There Will Be a Large Private Equity Failure This Year
A British private equity insider believes that there will be at least one large private equity failure this year. The article is interesting because it goes into the causes of the credit crunch in private equity and most of the blame is placed on the industry itself. Text in bold is my emphasis. From the UK Telegraph:
In a speech taking shots at the whole industry, he said: "There will be large private equity failures this year. Absolutely guaranteed. This is a cyclical downturn for the industry. We are going to have very weak returns for a while.
"Companies will go bust and that is going to be a problem. We have got some savagely leveraged companies out there, and unless something else happens to distract them, the politicians will be back and we can look forward to more regulation and tax damaging this business."
Mr Moulton blamed industry players themselves for throwing out normal standards of due diligence and risk assessment during the recent boom years. "Buy-outs were done on mythical numbers like pro-forma, adjusted, normalised EBITDA, which almost always turned out to be 20pc higher than reality," he said. "We were buying false numbers and doing it willingly but the quality of what we were doing had come down. It's the same thing that was going on in the US sub-prime market."

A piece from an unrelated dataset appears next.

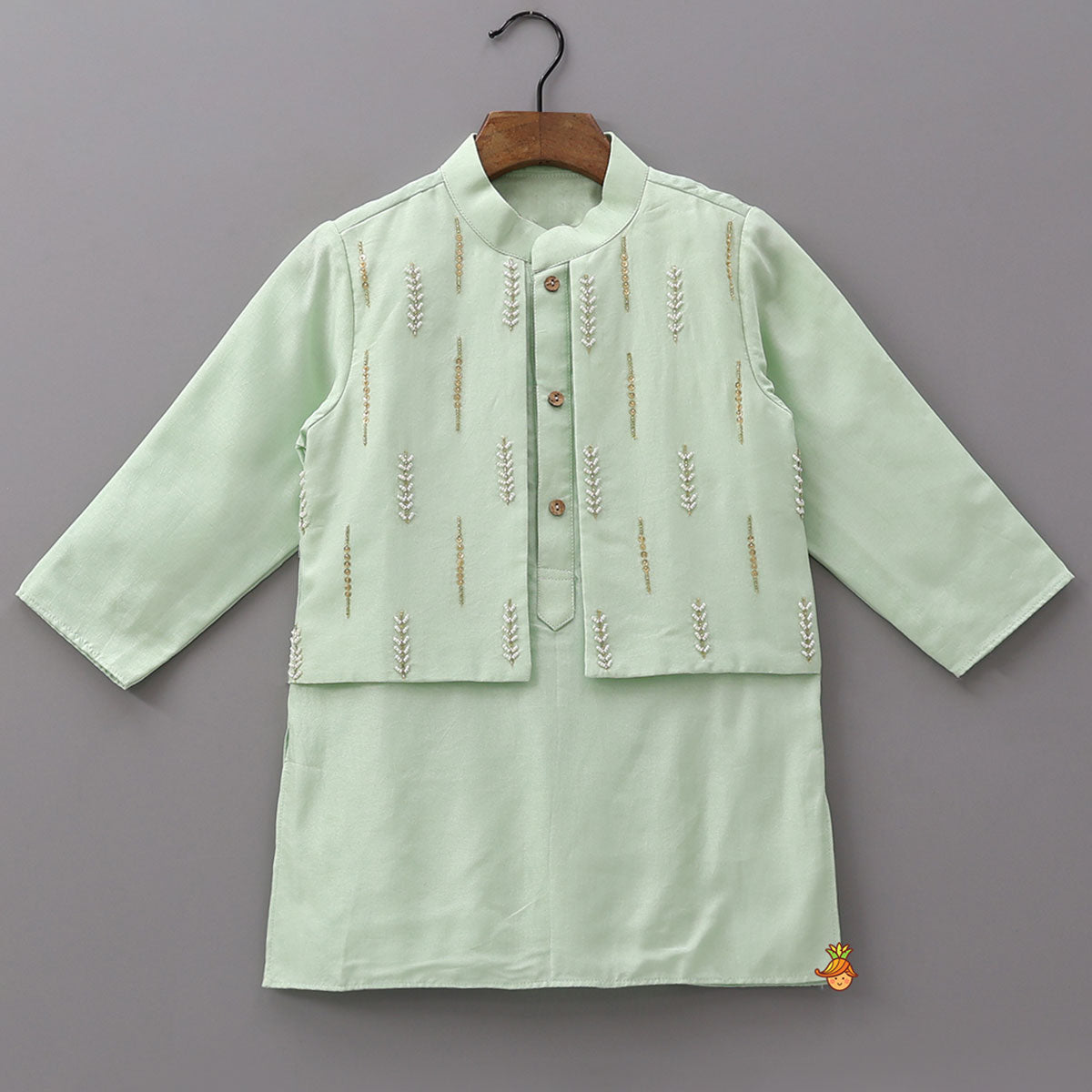 Pre Order: Faux Jacket Style Embroidered Ethnic Kurta With Pyjama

Giving the opening speech at SuperReturn 2008, the major international conference for the private equity industry, Mr Moulton took aim at public relations executives, industry associations, accountants, mega funds and regulators. However, he saved most of his criticism for the banks.

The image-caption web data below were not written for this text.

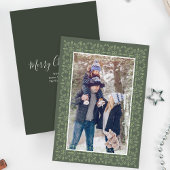 グリーンスノーフレーククリスマスフォトクラシックー シーズンカード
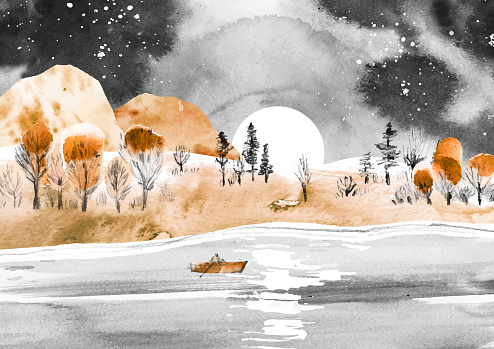 Autumn romantic watercolor hand drawn vector landscape with mountains, boat and river under night sky with moon. Illustration in black and brown colors for poster, banner, card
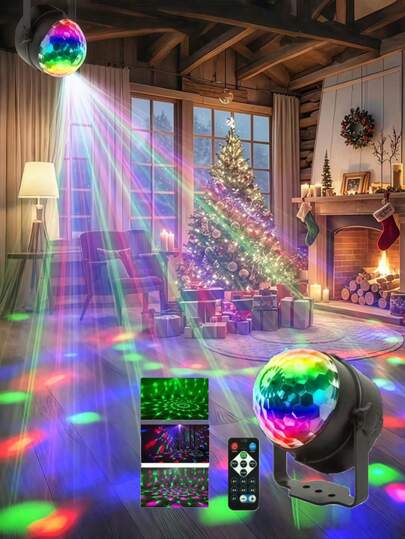 ضوء حفلة ديسكو إبداعي ب- 7 أوضاع - ضوء مسرح متغير اللون مفعل بالصوت ل- KTV والديكور المنزلي وأعياد الميلاد وحانات DJ - يعمل بالطاقة من USB، إضاءة للحفلات والرقص والمناسبات | LED متعدد الألوان | لوازم حفلة سهلة التركيب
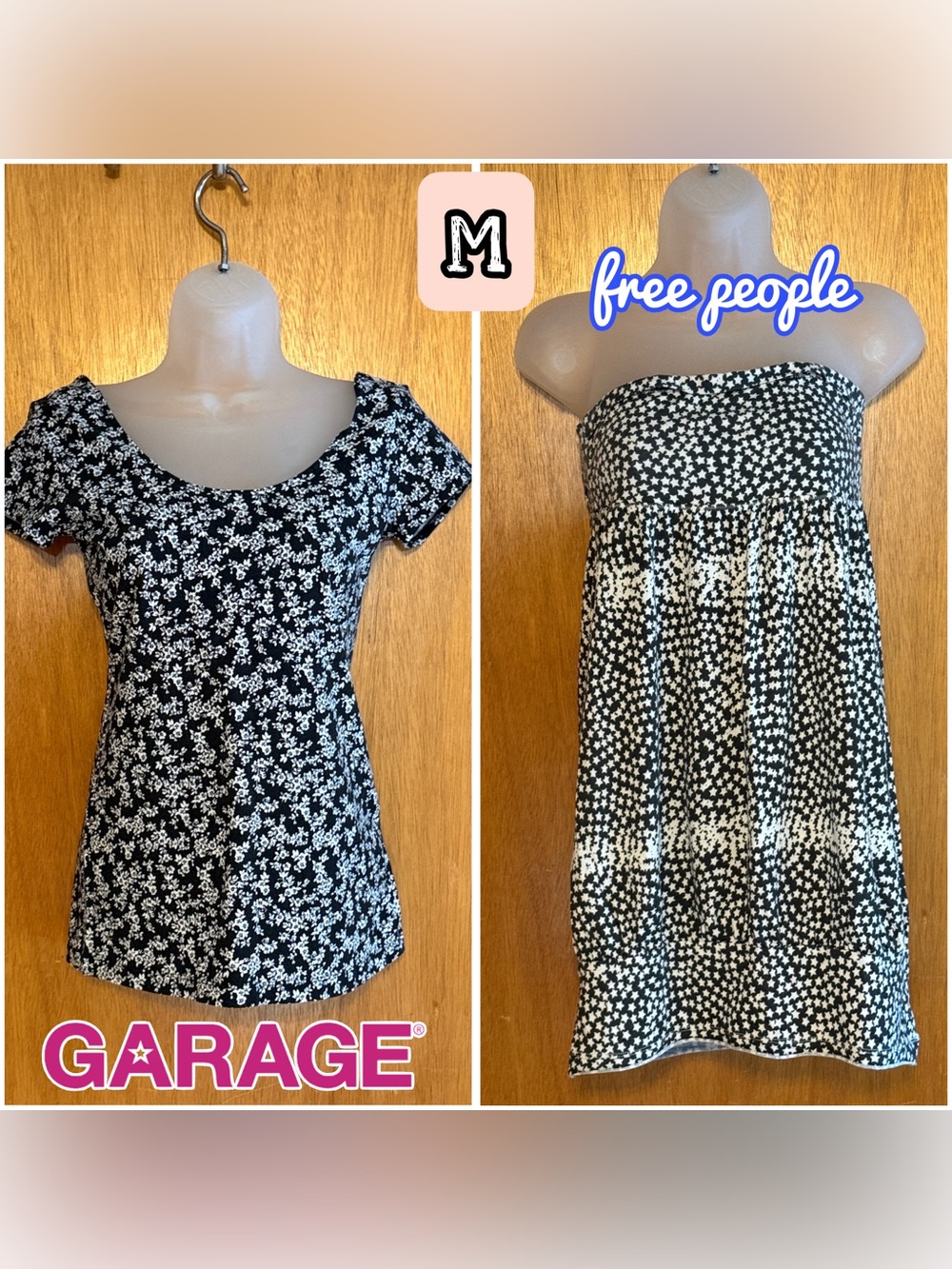 Black & White Top Bundle sz M GARAGE & free people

"They bought all this rubbish themselves, most of which their senior managers didn't understand, and they have been left holding the baby with unsaleable, overpriced, over-enthusiastic debt. They are in trouble themselves. It's the same as the sub-prime salesman. They will sell anything to anyone, and they did. If you pay enough bonuses, people will do anything."

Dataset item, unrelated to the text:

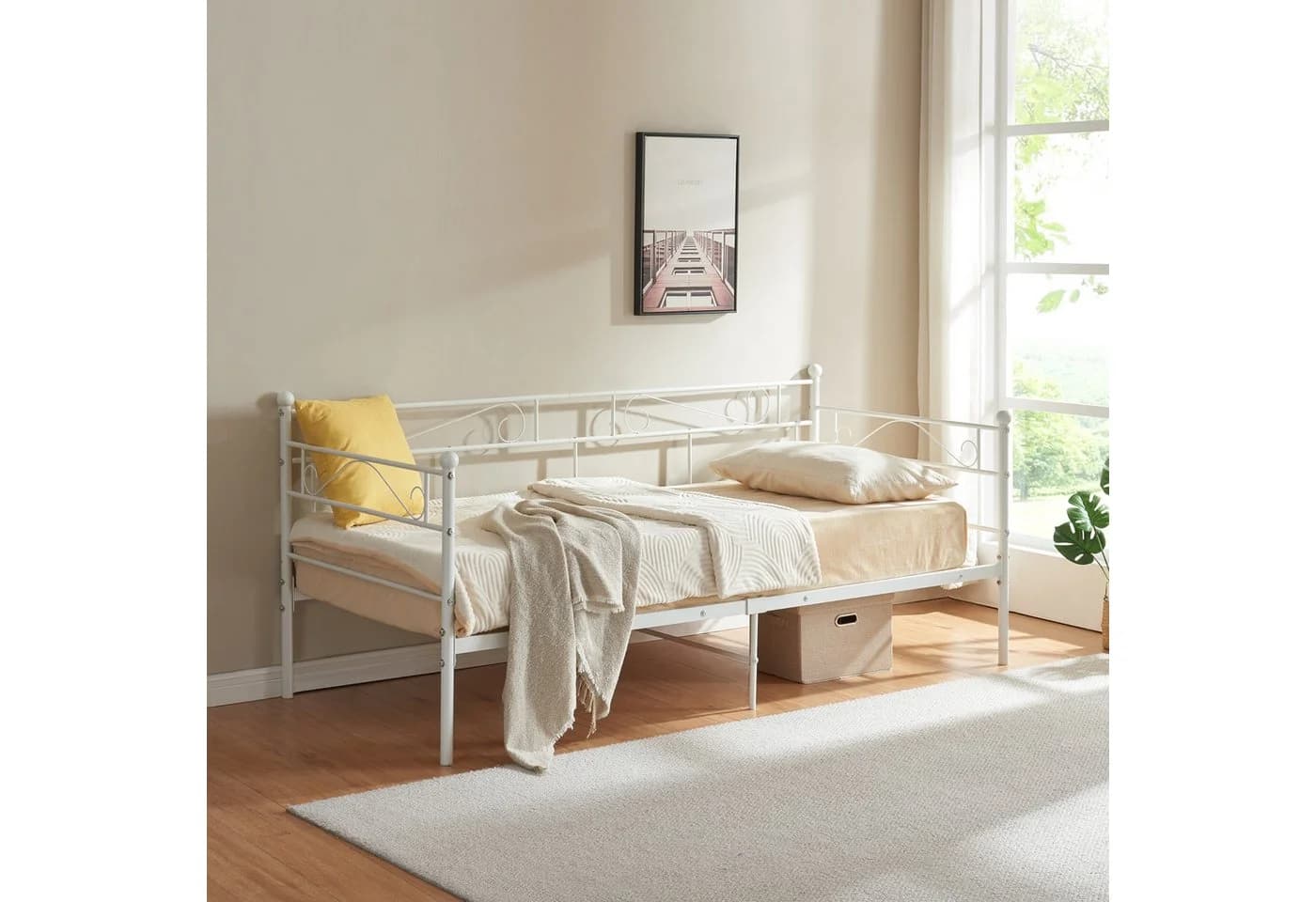 en.casa Metallbett »Trerunta« Stahl Weiß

He said the image of private equity was of "rich, capitalist swine" but was dismissive of the report drawn up by Sir David Walker for the industry, which aimed to increase transparency and alter the perception of the industry. "The new pedestrian culture of the private equity world", he called it, saying that it would have no practical effect.
Mr Moulton was just one of a host of speakers who forecast no end to the current credit crisis. "I think we are seeing a meltdown in the credit markets that has some life in terms of the downside left to it," said Scott Sperling, co-president of Thomas H Lee.
He said it could take a long time for lending banks to shift the billions of dollars of debt they have been left with by the credit crunch.
His views were echoed by Hamilton James, chief operating officer of Blackstone, who said he was working on the basis of a US recession, and by Jonathan Nelson, of Providence Equity Partners, who said he believed a recession had started as long ago as December.